Cromwell's agent John Hutton wrote to him from Brabant on 13 December 1536, ‘They speak much of the patient sufferance of Master Tyndale at the time of his execution’.

Sir Thomas Morre on Tyndale: ‘a hell-hound in the kennel of the devil’; ‘discharging a filthy foam of blasphemies out of his brutish beastly mouth’.

Achievements

  • First translated the Bible into English directly from the Greek and Hebrew (Wycliffe’s was from the Latin)
  • One estimate suggests that the New Testament in the King James Version is 83% Tyndale's and the Old Testament 76%.
  • In 2002, Tyndale was placed at number 26 in the BBC's poll of the 100 Greatest Britons.
  • Fluent in French, Greek, Hebrew, German, Italian, Latin, and Spanish, in addition to English.
  • Bishop Westcott, 1868: ‘His influence decided that our Bible should be popular and not literary, speaking in a simple dialect, and that so by its simplicity it should be endowed with permanence’
  • The 1526 Worms New Testament is rightly a treasure of English-speaking culture, for its mastery of both the Greek and English languages.
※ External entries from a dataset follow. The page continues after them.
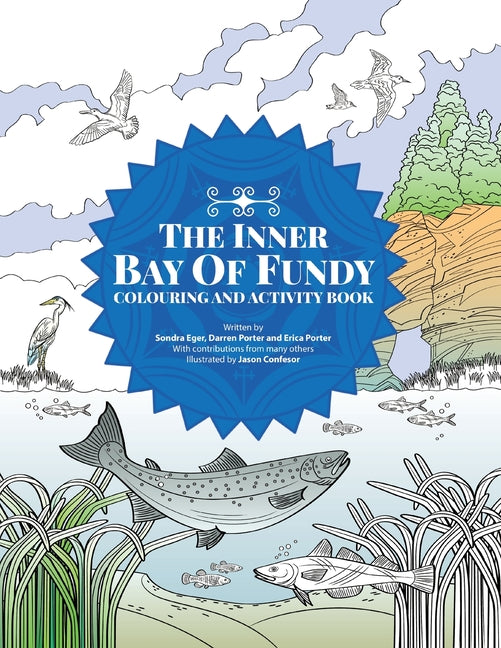 Book cover for Inner Bay of Fundy Colouring & Activity Book: Volume 1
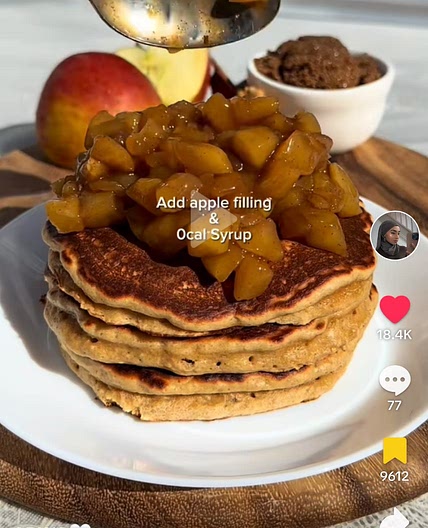 Apple pancakes 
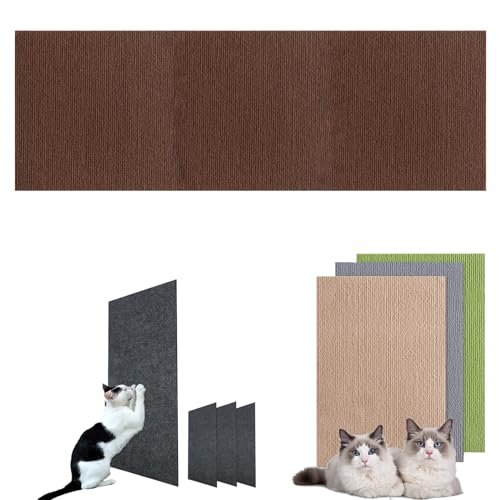 Kratzmatte Selbstklebend Katzen, Kratzwand FüR Katzen, DIY Climbing Cat Scratcher, Kratzmatten FüR Katzen, Kratzmatte Katze Wand Selbstklebend (40 * 100cm,Braun) von LOPUCK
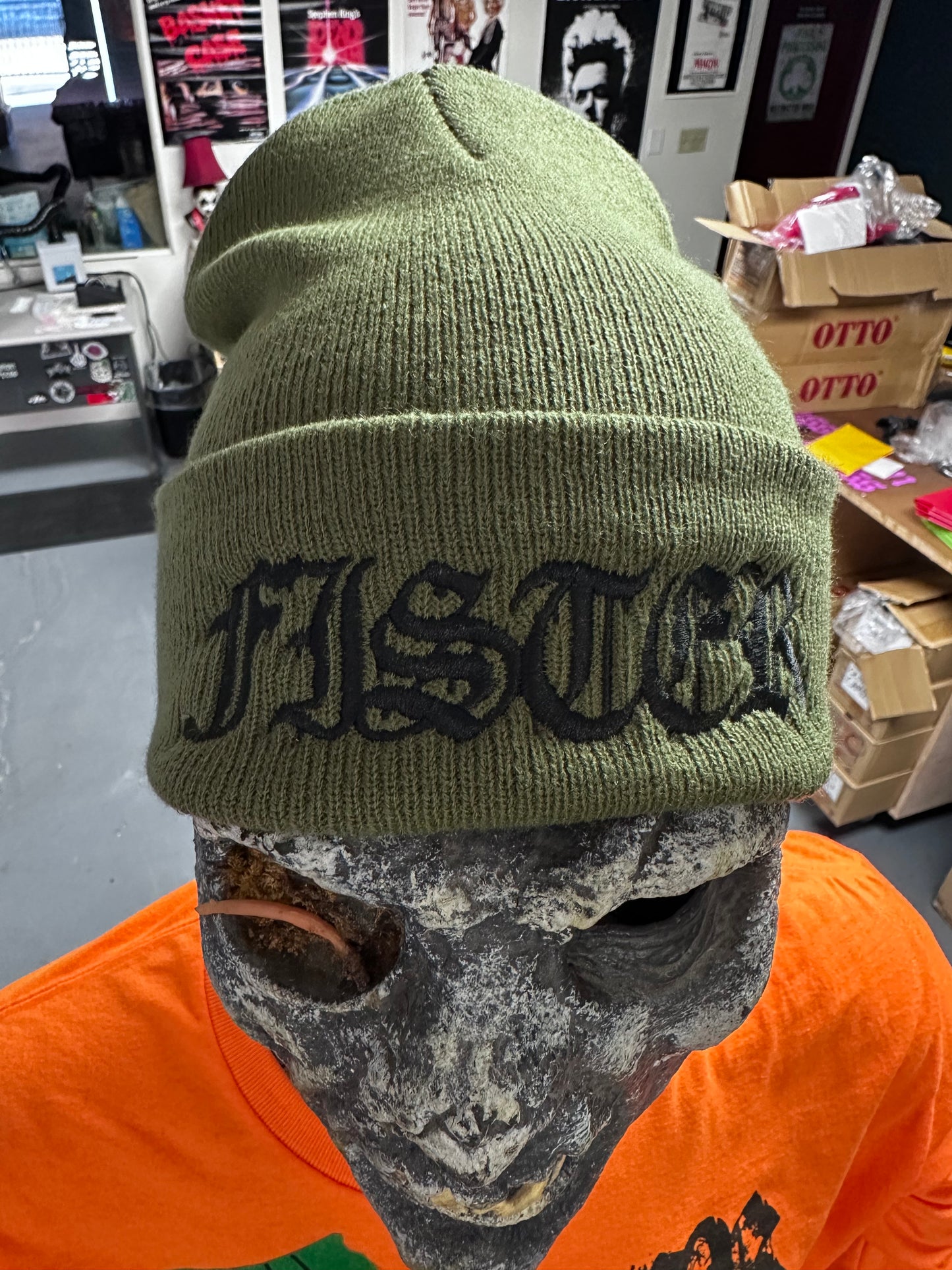 Fister - Drab Olive Embroidered Logo Beanie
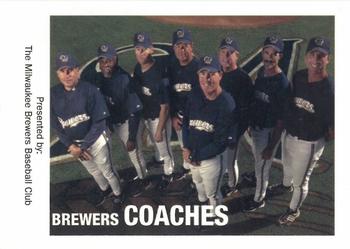 2003 Milwaukee Brewers Police #NNO Brewers Coaches Front
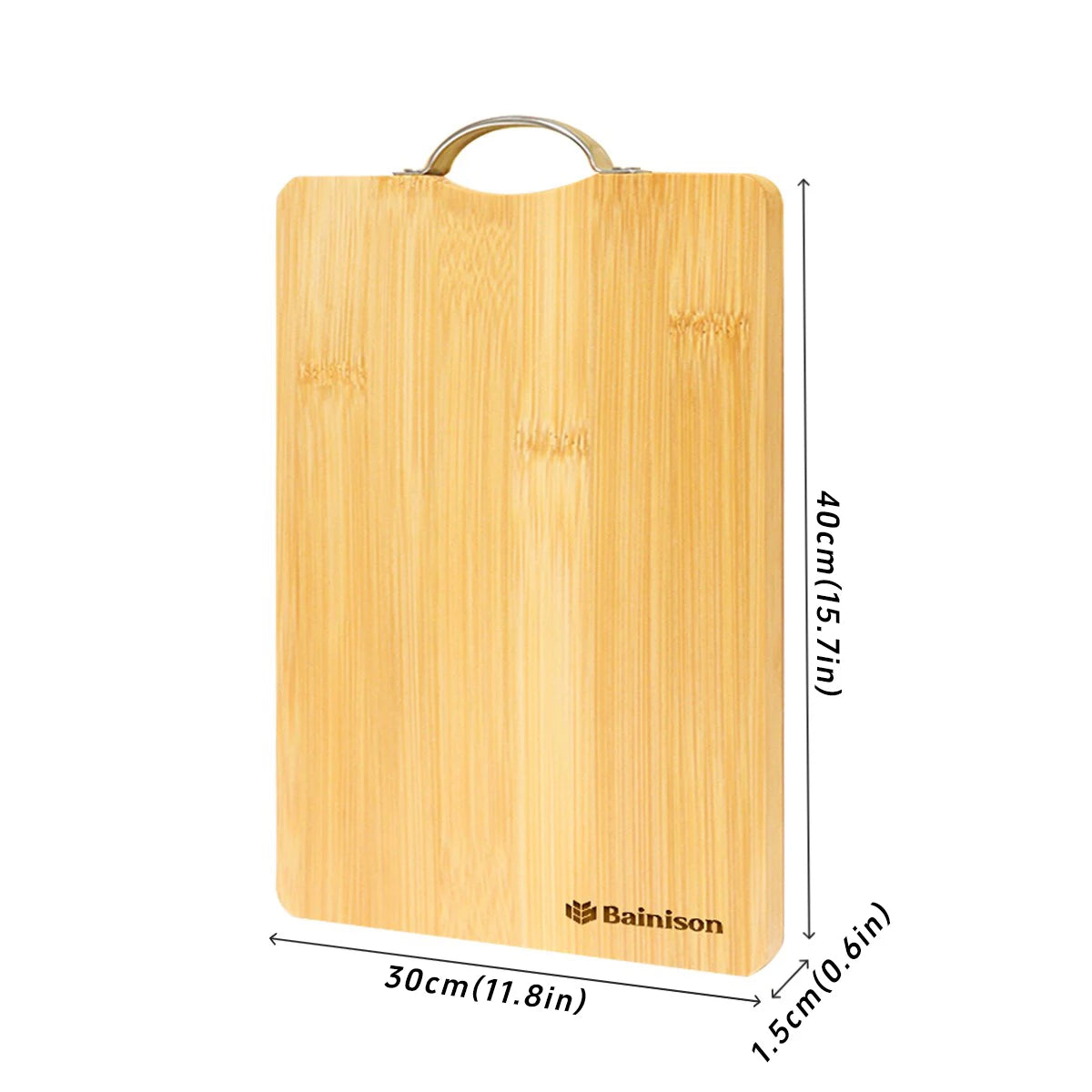 Bainison Creative Design Eco-Friendly Bamboo Cutting Board - Outdoor Cutting Board for Fish Meat Herbs (Foldable)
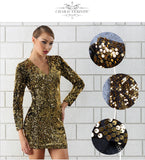 Sequins Embellished Runway Dress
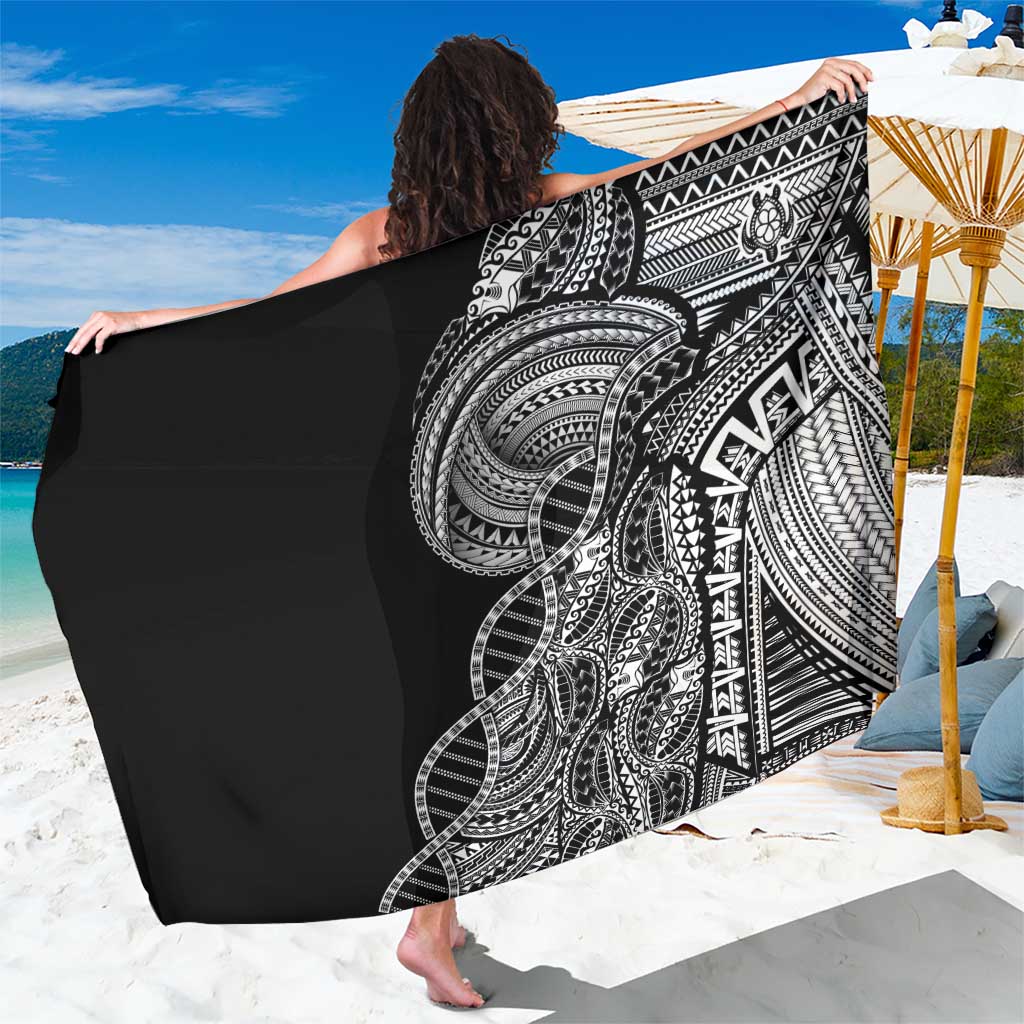 Samoan DNA Art Tattoo Sarong Polynesian Pattern Black Color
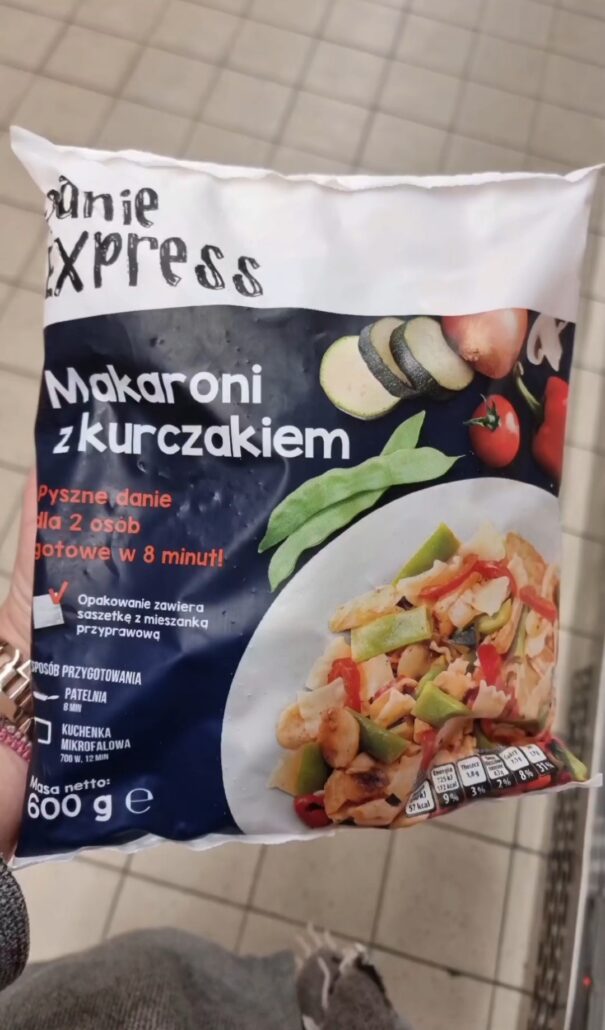 Makaroni z kurczakiem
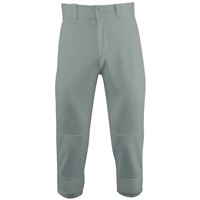 Marucci Men's Excel Tapered DoubleKnit Tweener Baseball Pants, Grey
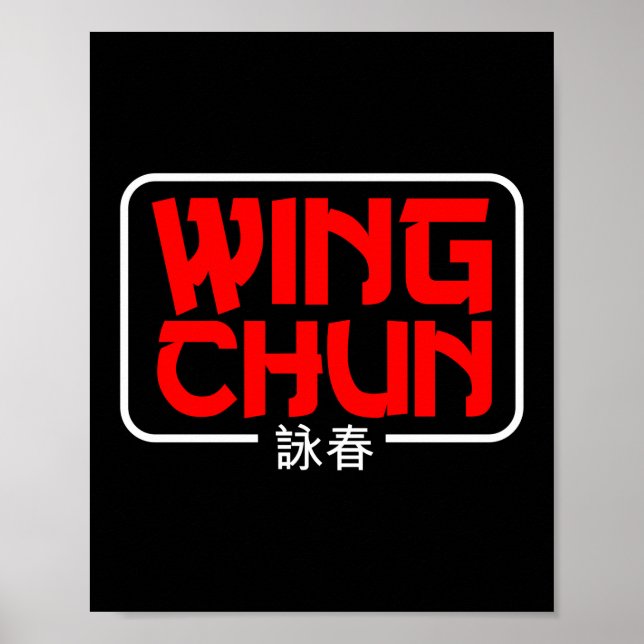 Póster Wing Chun Artes Marciales Kung Fu (Frente)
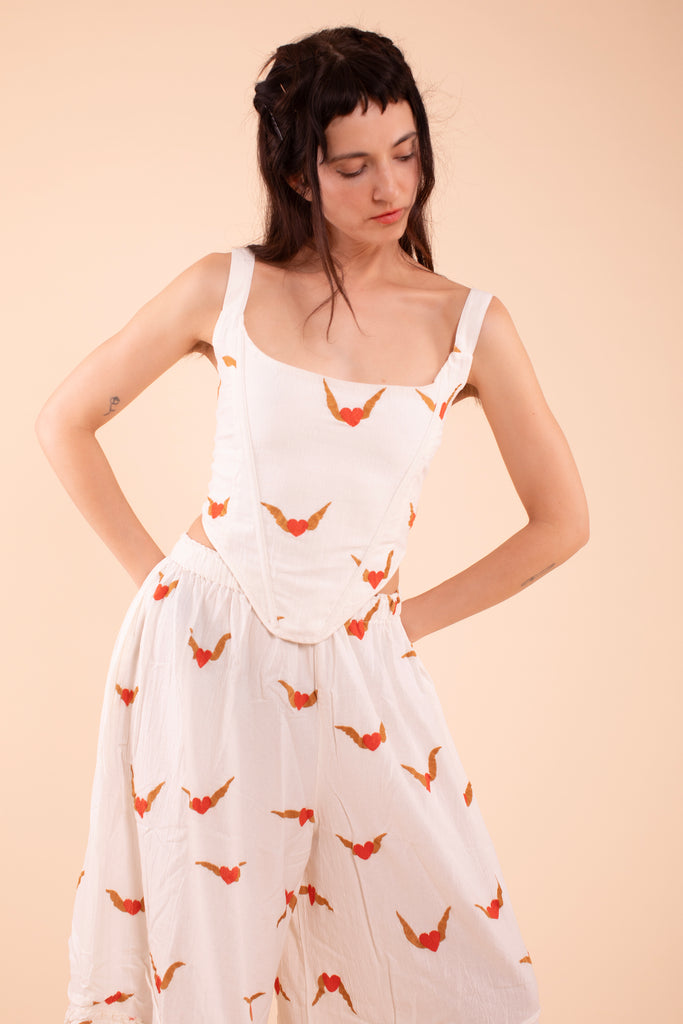 Valor Corset - Heartwing Embroidery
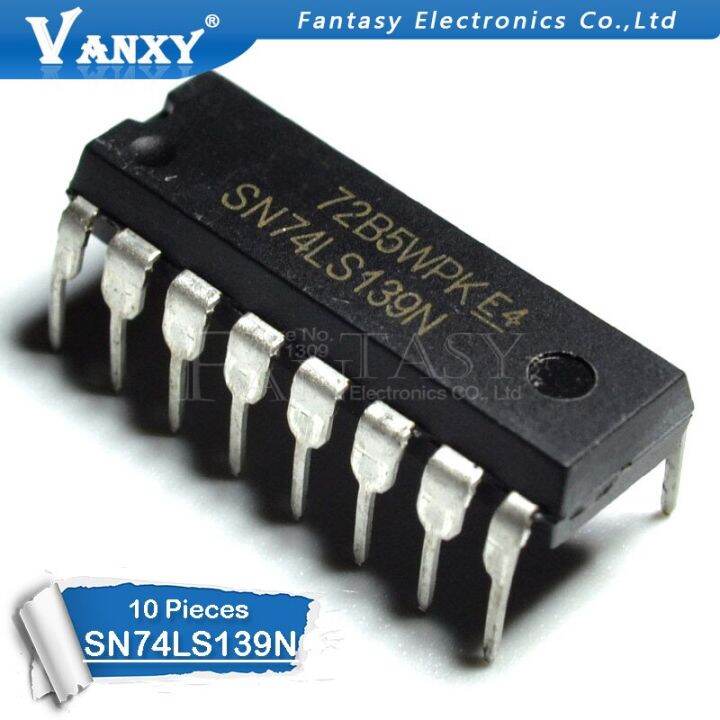 10pcs-sn74ls139an-dip-16-sn74ls139n-dip16-74ls139-dip-hd74ls139p-sn74ls139-watty-electronics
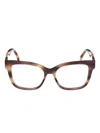 Max Mara Tortoiseshell Square-frame Glasses In Brown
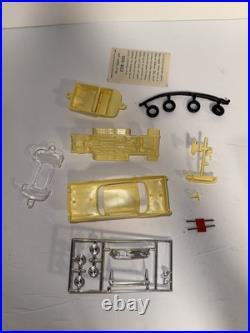 Vintage AMT Mini Kit'57 Yellow Chevy Hardtop Model Car Kit 143 Plastic NOS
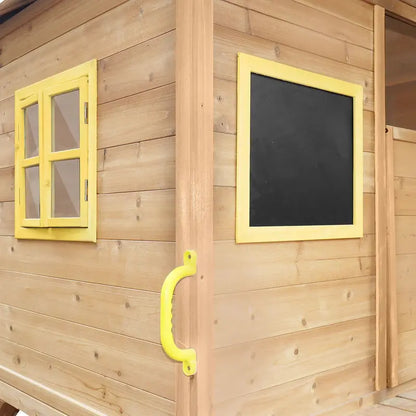 Lifespan Warrigal Kids’ Cubby House  Bright Yellow Slide & Durable Outdoor Play Structure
Quite apart from the theological impact of these pages, many English phrases have gone into common use: ‘the spirit is willing’; ‘fight the good fight’; ‘the powers that be’.

Controversy

  • Wrote The Obedience of a Christen man, and how Christen rulers ought to govern, wherein also (if thou mark diligently) thou shalt find eyes to perceive the crafty convience of all iugglers. (1528)- advocates the divine right of kings.

Quotes

  • “They have ordained that no man shall look on the Scripture, until he be noselled in heathen learning eight or nine years and armed with false principles, with which he is clean shut out of the understanding of the Scripture.”
  • When a clergyman said to Tyndale, "We had better be without God's laws than the Pope's." Tyndale: "I defy the Pope, and all his laws; and if God spares my life, ere many years, I will cause the boy that driveth the plough to know more of the Scriptures than thou dost!"
  • "Lord! Open the King of England's eyes."
  • "I perceived how that it was impossible to establish the lay people in any truth except the Scripture were plainly laid before their eyes in their mother tongue."
  • "For if God be on our side, what matter maketh it who be against us, be they bishops, cardinals, popes, or whatsoever names they will?"
  • "To have a faith, therefore, or a trust in anything, where God hath not promised, is plain idolatry, and a worshipping of thine own imagination instead of God."
  • "I call God to record against the day we shall appear before our Lord Jesus, that I never altered one syllable of God's Word against my conscience, nor would do this day, if all that is in earth, whether it be honor, pleasure, or riches, might be given me."
  • "The preaching of God's word is hateful and contrary unto them. Why? For it is impossible to preach Christ, except thou preach against antichrist; that is to say, them which with their false doctrine and violence of sword enforce to quench the true doctrine of Christ."